**Available records**
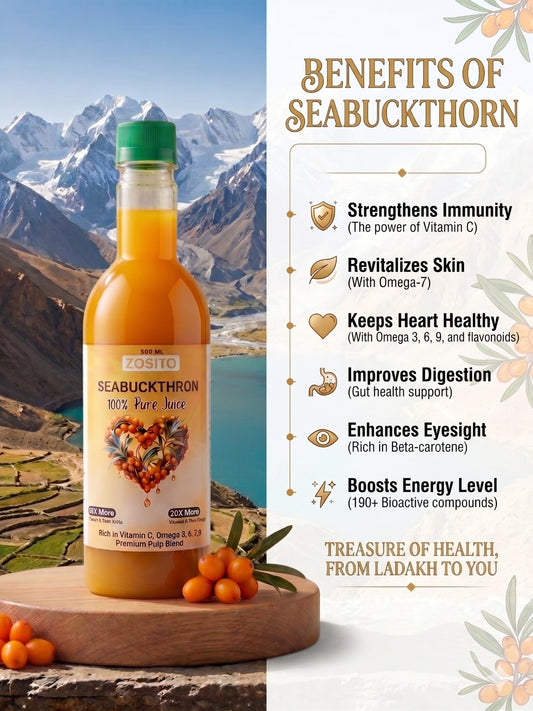 100% Natural Sea Buckthorn Pulp Juice - Pack Of 2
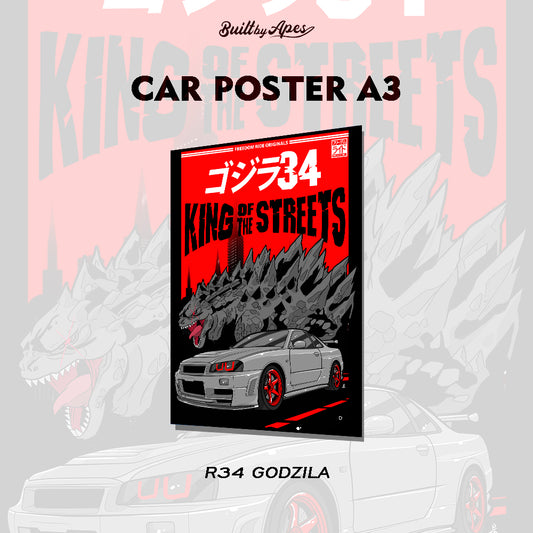 Poster - Nissan Skyline R34 Godzilla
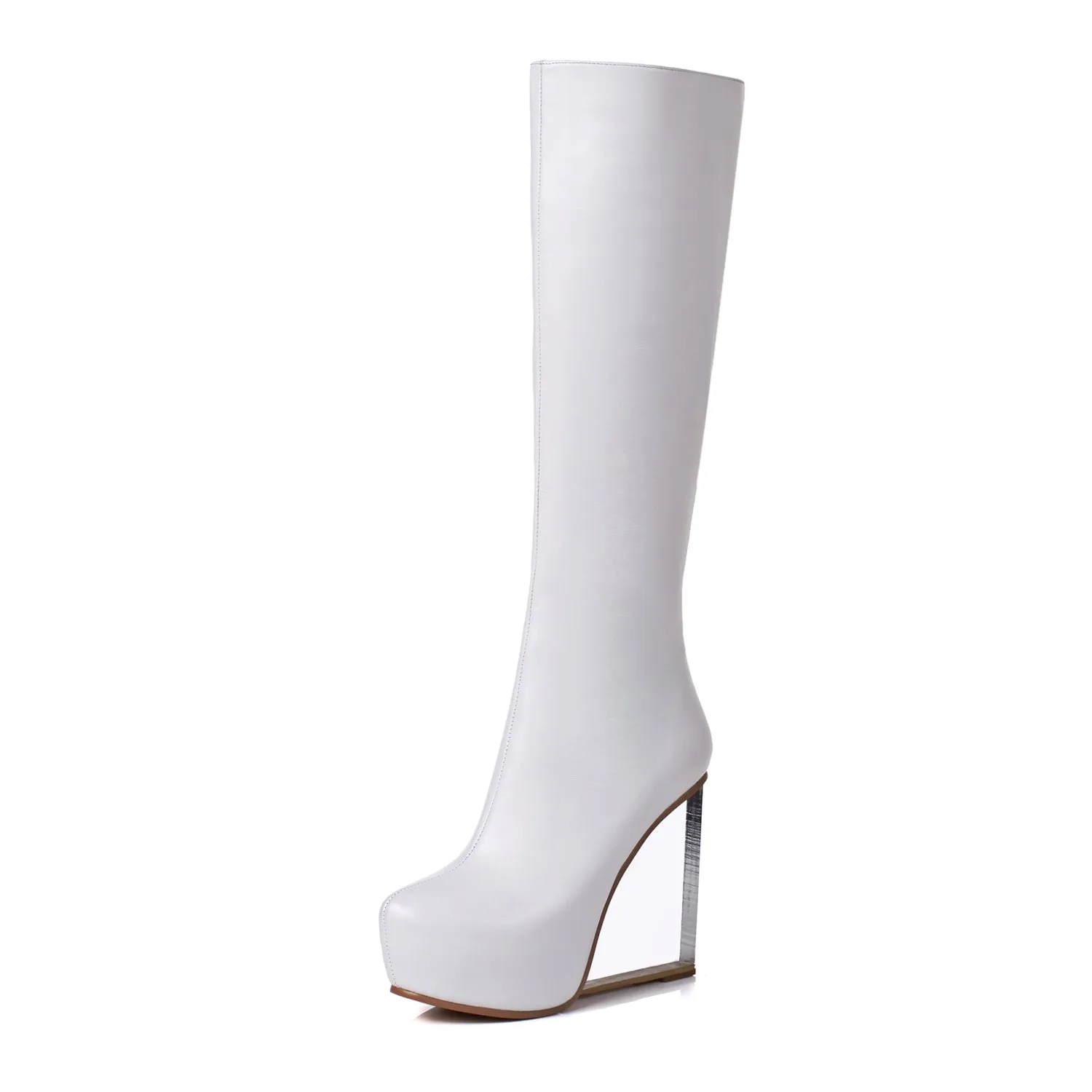 TinaCus Women's Handmade Genuine Leather Round Toe Transparent High Heel Half Zip Up Knee High Boots with Platform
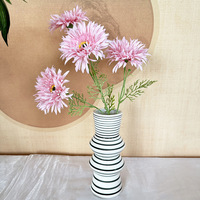 Gerberas artificielles en tissu de soie avec technique de flocage pour mariages, studios photo, décoration intérieure et arrangements de table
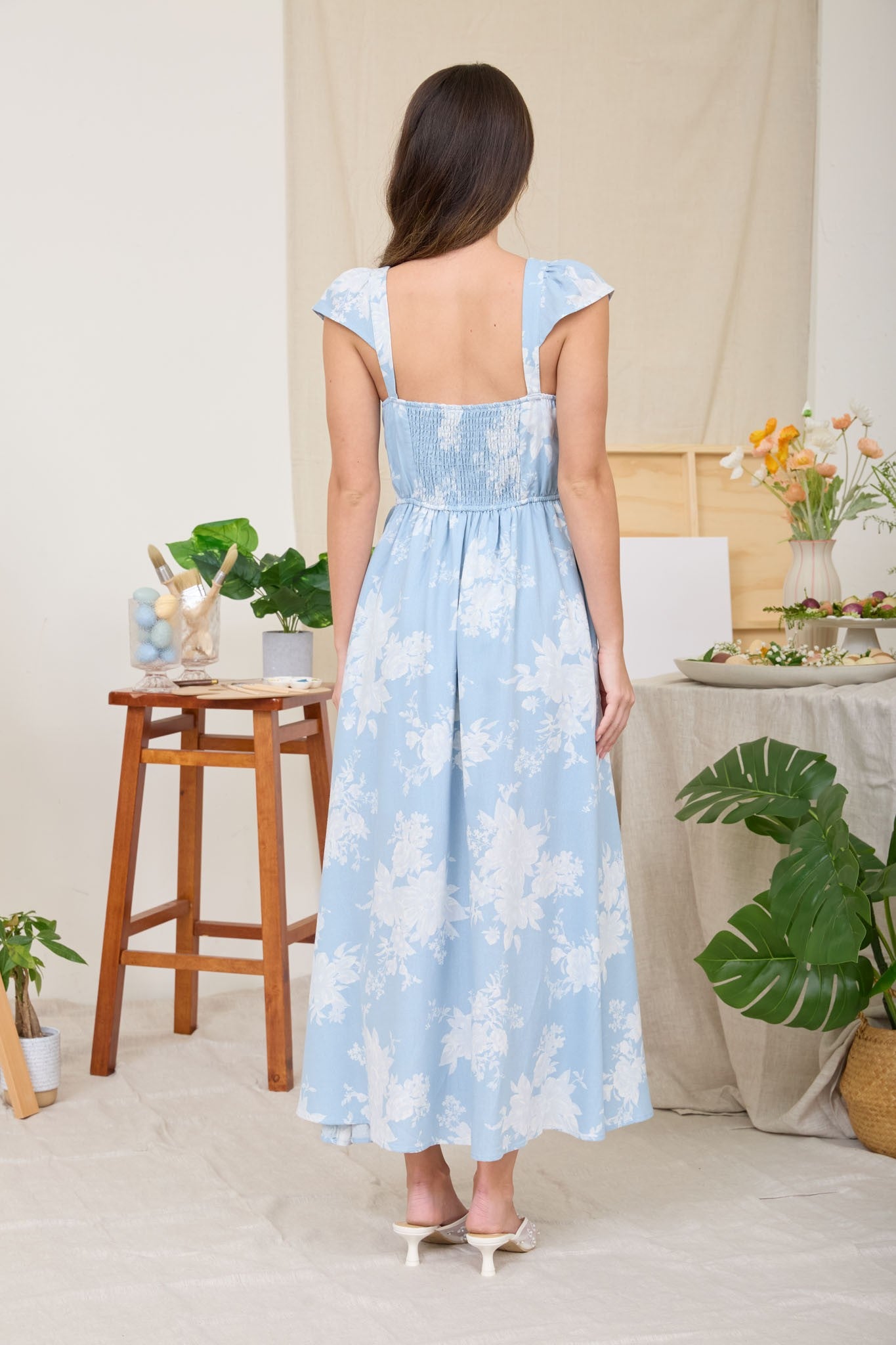 Chambray Floral Midi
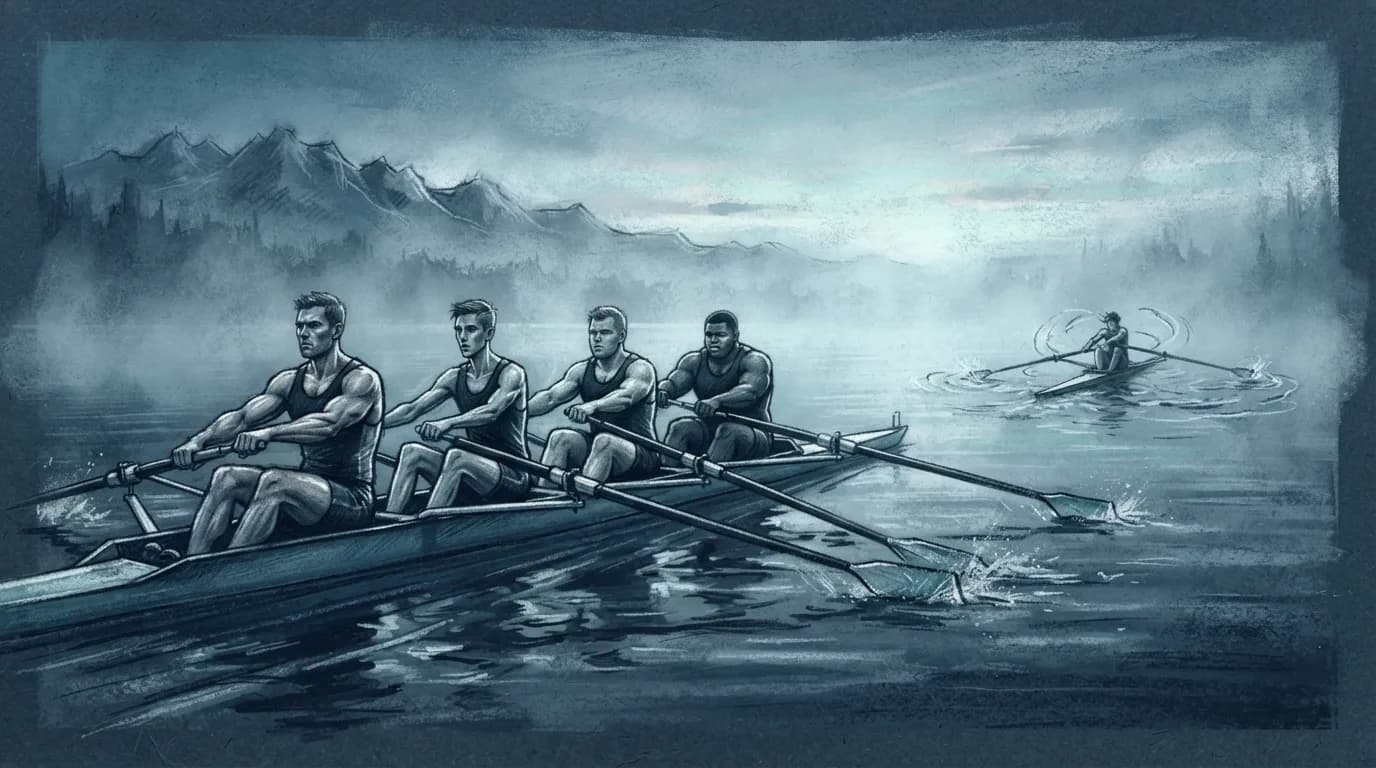 Четыре разных пазла разного цвета и формы складываются на деревянном столе в цельный квадрат, а рядом лежит одна огромная деталь, которая никуда не подходит.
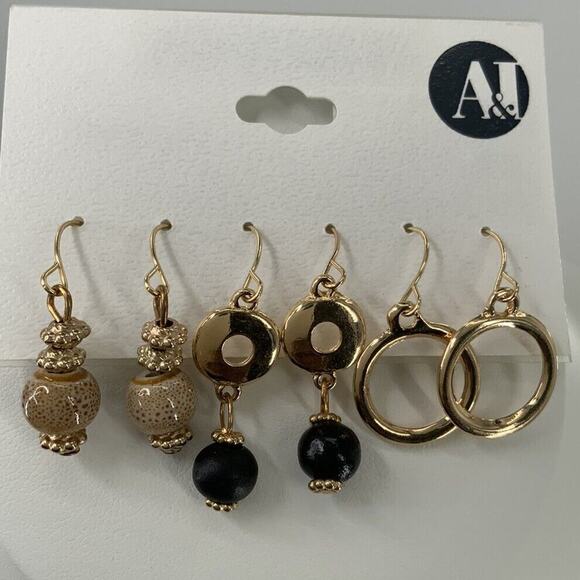 A&I Drop Earrings Fish Hook Wire Three Pair Gold-Tone Neutrals Fashion Jewelry - Picture 1 of 9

**What the exercise asks**
Set down, exactly as written, each line from the one that contains "Четыре разных пазла" to the last line of the records, but none of the pictures.

**Answer section**
 Четыре разных пазла разного цвета и формы складываются на деревянном столе в цельный квадрат, а рядом лежит одна огромная деталь, которая никуда не подходит.
 A&I Drop Earrings Fish Hook Wire Three Pair Gold-Tone Neutrals Fashion Jewelry - Picture 1 of 9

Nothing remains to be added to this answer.